BISMARCK — A group seeking to block the use of state funds to support the proposed Theodore Roosevelt Presidential Library won't meet its deadline to collect signatures, its leader said Wednesday, July 24.
Riley Kuntz, a Dickinson electrician who chairs the referral campaign's sponsoring committee, said the volunteer effort lacked enough people to gather the 13,452 signatures needed by midnight Thursday to put the question to voters. The group already missed one deadline this week to block a new open records exemption and has another week to muster support to roll back restrictions placed on the state auditor.

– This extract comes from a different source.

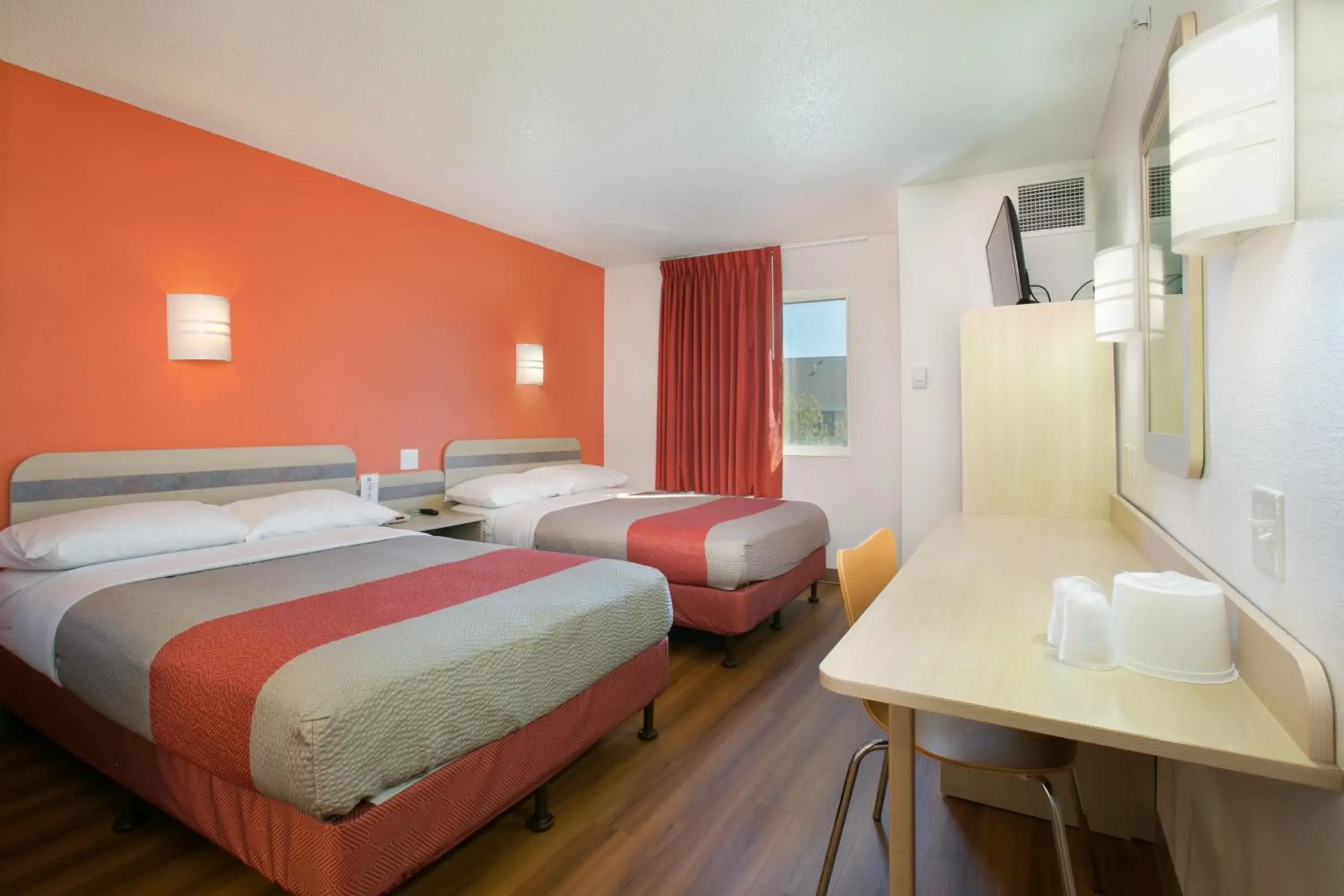 Bedroom, Bed in Motel 6-Brooklyn Center, MN - Minneapolis Bedroom, Bed in Motel 6-Brooklyn Center, MN - Minneapolis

Kuntz said he was still hoping to gather enough signatures on the auditor restrictions, which have generated some friction between State Auditor Josh Gallion and the Legislature.
"I was initially feeling pretty good about all three," Kuntz said. "It's just how it goes."

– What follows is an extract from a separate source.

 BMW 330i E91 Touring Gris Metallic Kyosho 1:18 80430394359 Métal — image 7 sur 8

Lawmakers this year signed off on a plan to create a $50 million endowment fund held by the state that would generate earnings to operate and maintain the presidential library. The legislation required $100 million in private donations to construct the facility.
The library is slated to be built in Medora, near the national park that bears Roosevelt's name. The New York native famously said he "never would have been president" if it wasn't for his experiences in the state's Badlands.

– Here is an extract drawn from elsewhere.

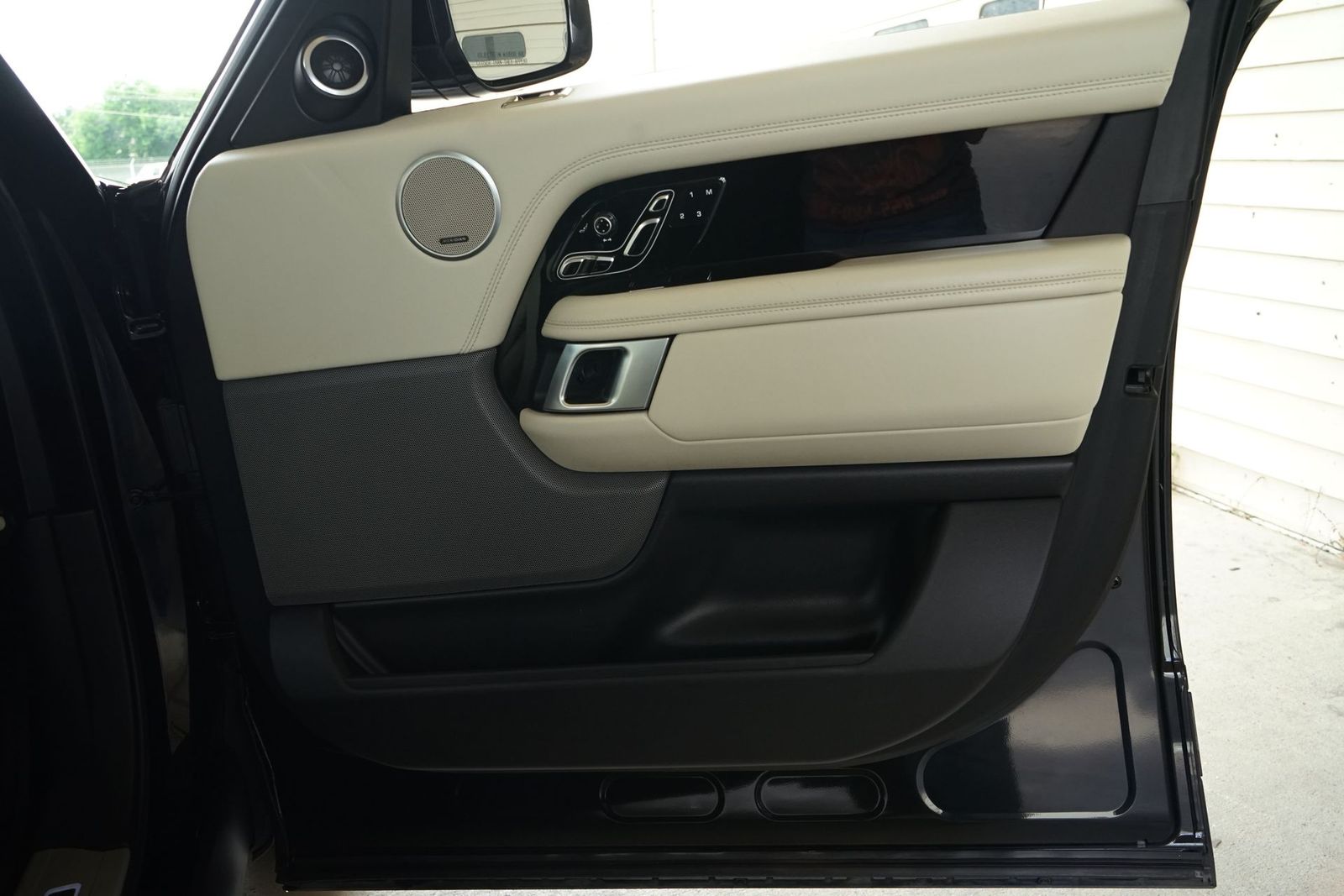 2021 Land Rover Range Rover P525 Westminster LWB AWD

Kuntz contended the state has more pressing needs than the library.
But Gov. Doug Burgum, who has championed the library as a way to boost tourism in the state, said Wednesday he wasn't surprised that Kuntz's group fell short because the library is a "really popular idea." He described the state endowment as an "incentive" to raise $100 million in private money.
"The benefit is going to be long-term in terms of economic diversification," Burgum said.